Valentine's Day is a pagan, anti-courtship holiday
Perhaps it is too early to bring up this topic, but I plan to be otherwise engaged on Monday.
Valentine's Day is a difficult day for single ATI students. Back in my Institute staff years, they used to throw huge, platonic Valentine's Banquets (maybe they still do). The young ladies would decorate the dining room with red and white balloons, napkins, candy and other knick knacks, and we'd have an extra-formal meal. Whoever was in charge would give a few words about the day. Invariably they'd recognize some of the older staff parents who would talk about how they met. "Back when Joyce and I were dating -- we didn't have courtship back then; we weren't as lucky as you kids...."
It always struck me as odd. If we students were supposed to be satisfied, single people committed to God and courtship, why did we celebrate a holiday dedicated to love and spooning? You'd think Valentine's would rank pretty high on the Evil Holiday List, right up there with Halloween and Gay Pride Week.
The whole event was rather defrauding, especially for the young ladies on staff who were taught to become good Proverbs 31 women while eschewing useless fantasies of the Jeanette Oake and L.M. Montgomery type. Resourceful staff guys took advantage of the annually permissible co-ed dinner seating, assuming that with all the love in the air they might get away with looking a girl in the eyes. The really smooth guys would describe the wonderful plans he had for his future wife. Plans usually involving roses and moonlight and other emotional delights. Hoping, of course, to hear those prized words: "Oh, that's SO sweet!"

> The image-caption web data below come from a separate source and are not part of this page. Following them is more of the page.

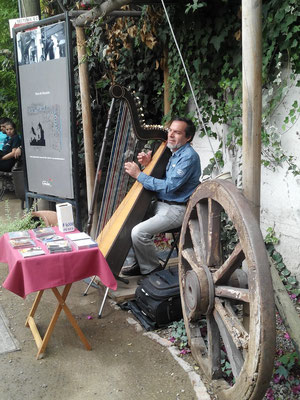 un harpiste, au couvent Los Dominicos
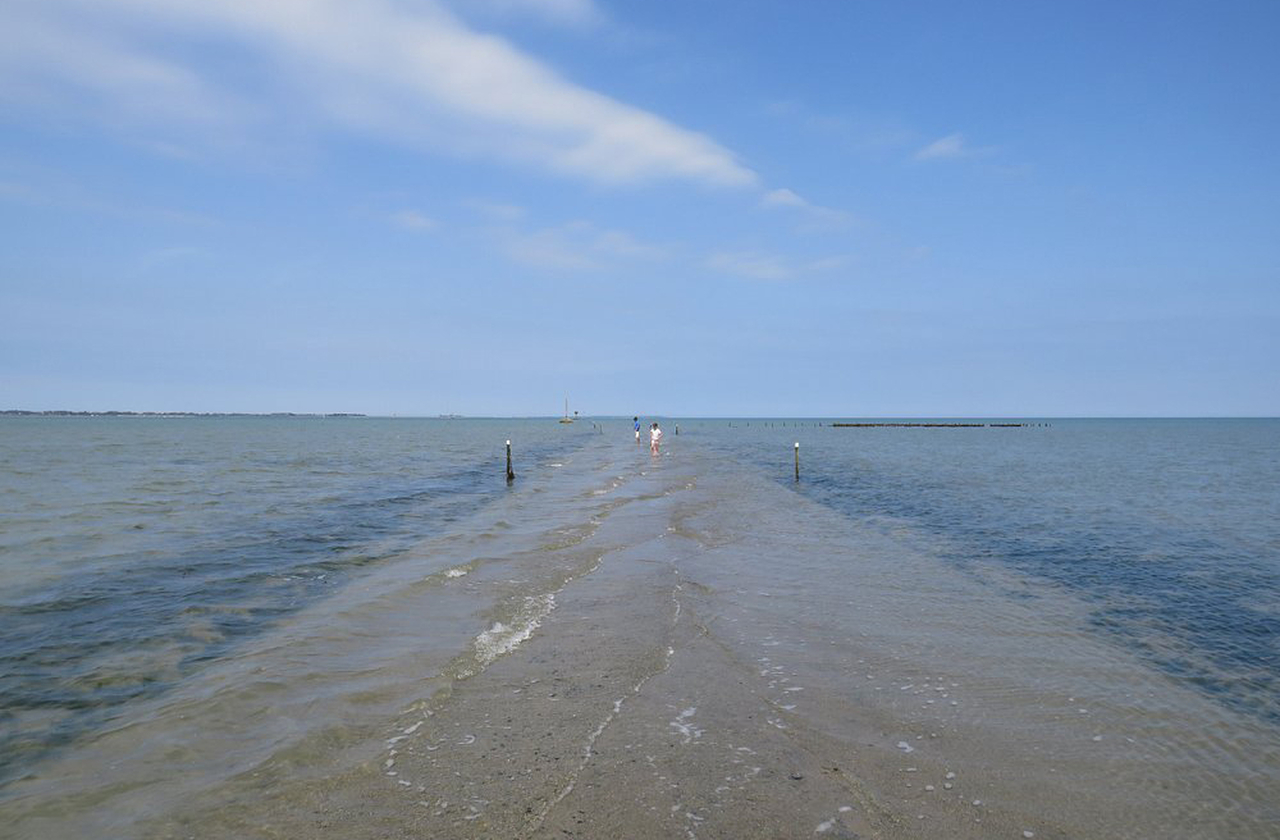 O nome “Gois” vem de uma palavra antiga que significa “caminho submerso” em uma referência direta à sua natureza efêmera. A estrada é tanto uma via quanto um fenômeno linguístico, carregando séculos de tradição.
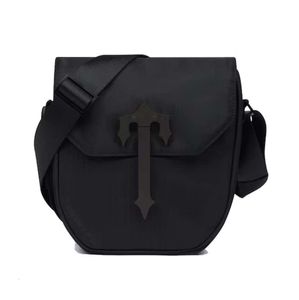 2024 럭셔리 인기 인기 디자이너 Trapstar Bag Irongate T Crossbody Canvas 여성 및 남성 영국 런던 금속 핸드백 방수 우편 봉투 핸드백 벨트 메신저 116ess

It's time for the hypocrisy to stop. I hereby call on all IBLP staff to terminate any celebration of this carnal holiday and to instead celebrate Courtship Day: a day for dedicated young people to return to their vows of celibacy and re-commit themselves to seeking only God's best for their life, which of course does not involve love or relationships. Perhaps IBLP staff could have segregated encouragement sessions of four-part testimonies and singing. After all, IBLP staff is held up as a shining example for the thousands of young ATI students studying at home. It would be wrong to cause these weaker brothers and sisters to stumble.